*PROBLEM DESCRIPTION*.
In the copy, include exactly the lines from the one with "Mujer tocando la" through the end of the data and no others, both ends kept, with every picture left out.

Short text fragments from websites:
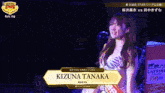 a woman named kizuna tanaka stands in front of a sign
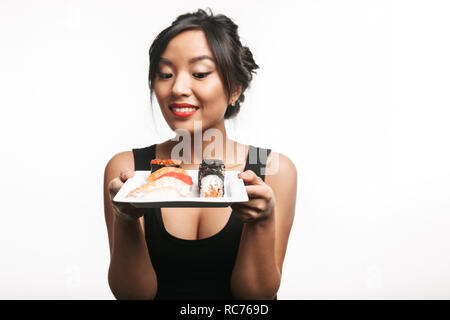 Beautiful young asian woman holding plate with sushi set isolated over white background Stock Photo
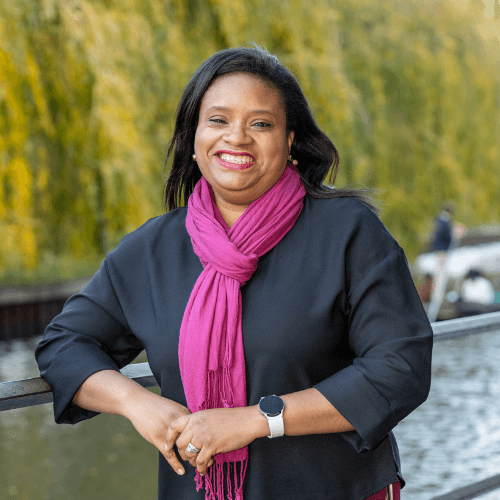 Oly Sanni, A black woman smiling wearing a black top and pink scarf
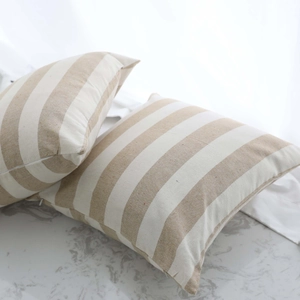 Set of two modern striped decorative pillow covers with beige linen fabric texture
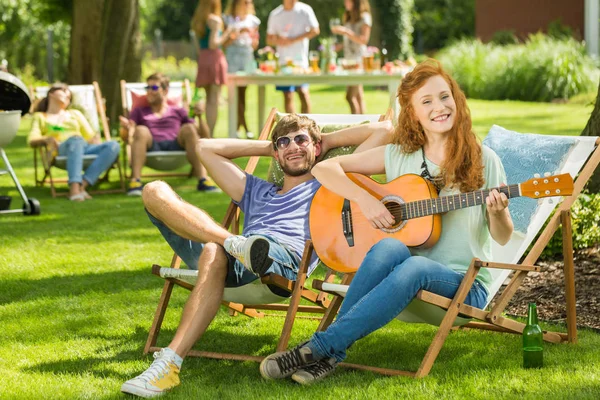 Mujer tocando la guitarra en jardín —  Fotos de Stock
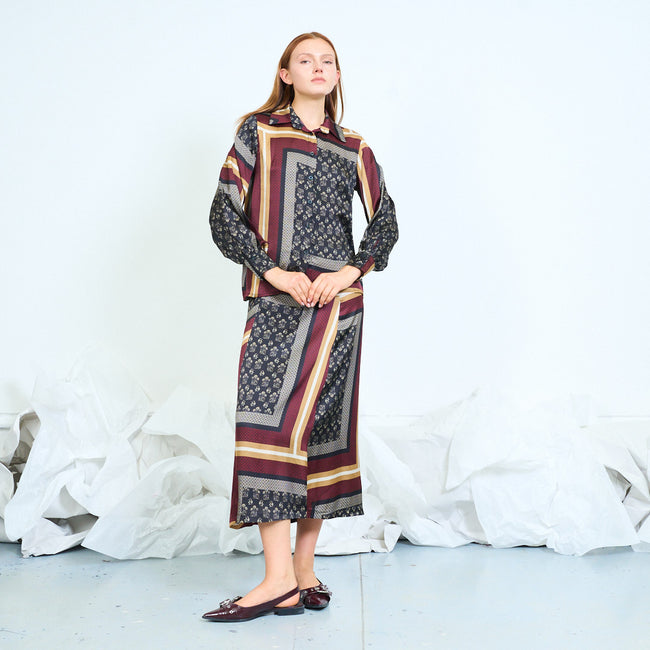 Black ground with burgundy, cream and gold-toned framed floral and geometric patchwork-print shirt with pointed collar, front buttons and long balloon sleeves; coordinating print skirt and shoes styled separately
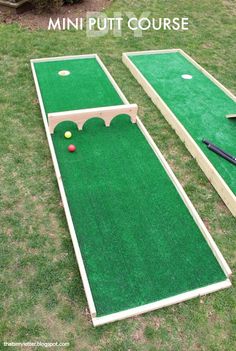 an outdoor miniature golf course with balls on the ground and a tee in the grass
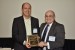 Prof. Rolf Dornberger receiving from Dr. Nagib Callaos, on behalf of Dr. Michael von Kutzschenbach, a plaque "In Appreciation for Delivering a Great Keynote Address at a Plenary Session."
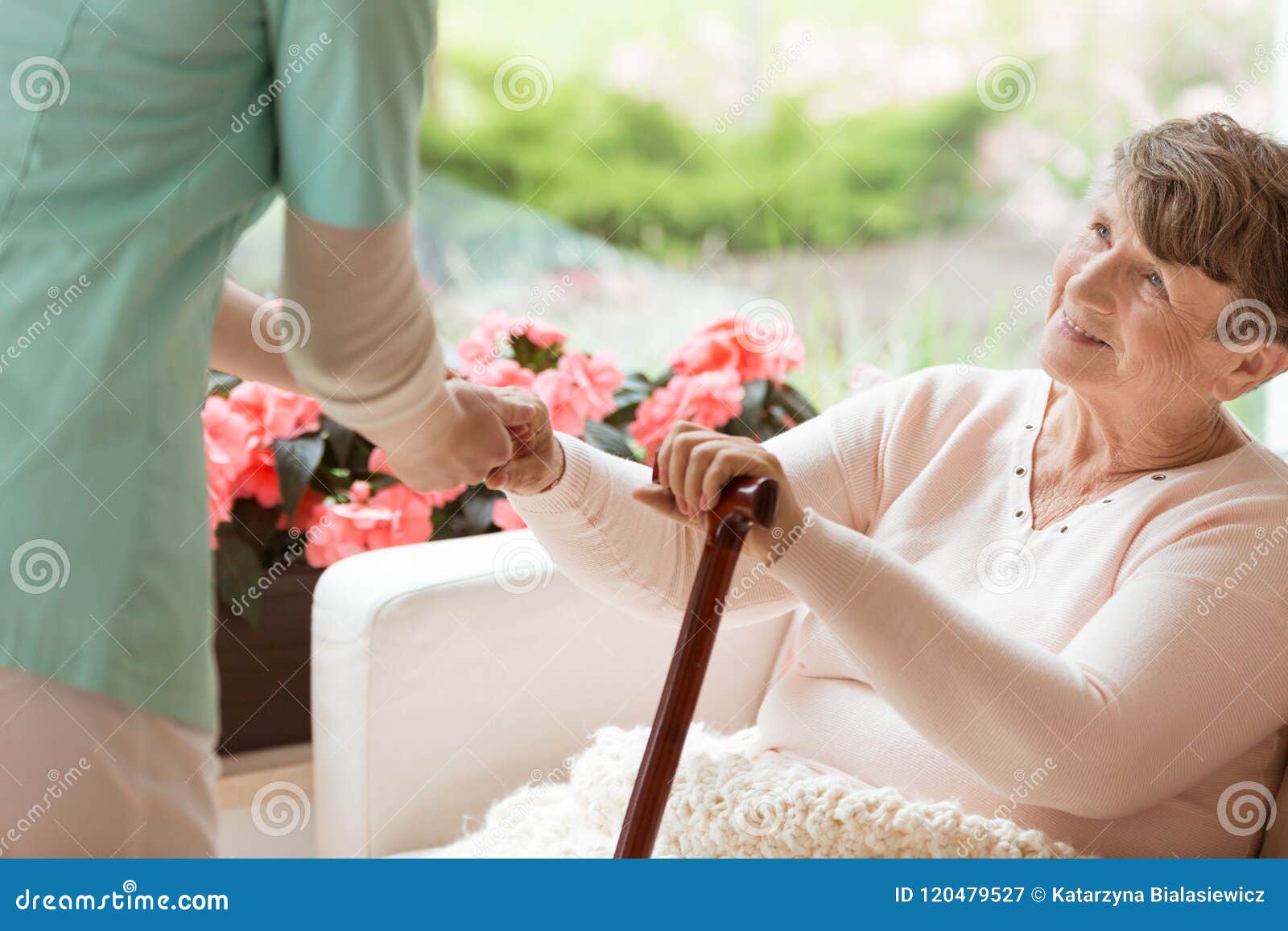 doctor helping an elderly woman with parkinson`s disease get up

*RESPONSE TO THIS EXERCISE*.
 Mujer tocando la guitarra en jardín —  Fotos de Stock
 Black ground with burgundy, cream and gold-toned framed floral and geometric patchwork-print shirt with pointed collar, front buttons and long balloon sleeves; coordinating print skirt and shoes styled separately
 an outdoor miniature golf course with balls on the ground and a tee in the grass
 Prof. Rolf Dornberger receiving from Dr. Nagib Callaos, on behalf of Dr. Michael von Kutzschenbach, a plaque "In Appreciation for Delivering a Great Keynote Address at a Plenary Session."
 doctor helping an elderly woman with parkinson`s disease get up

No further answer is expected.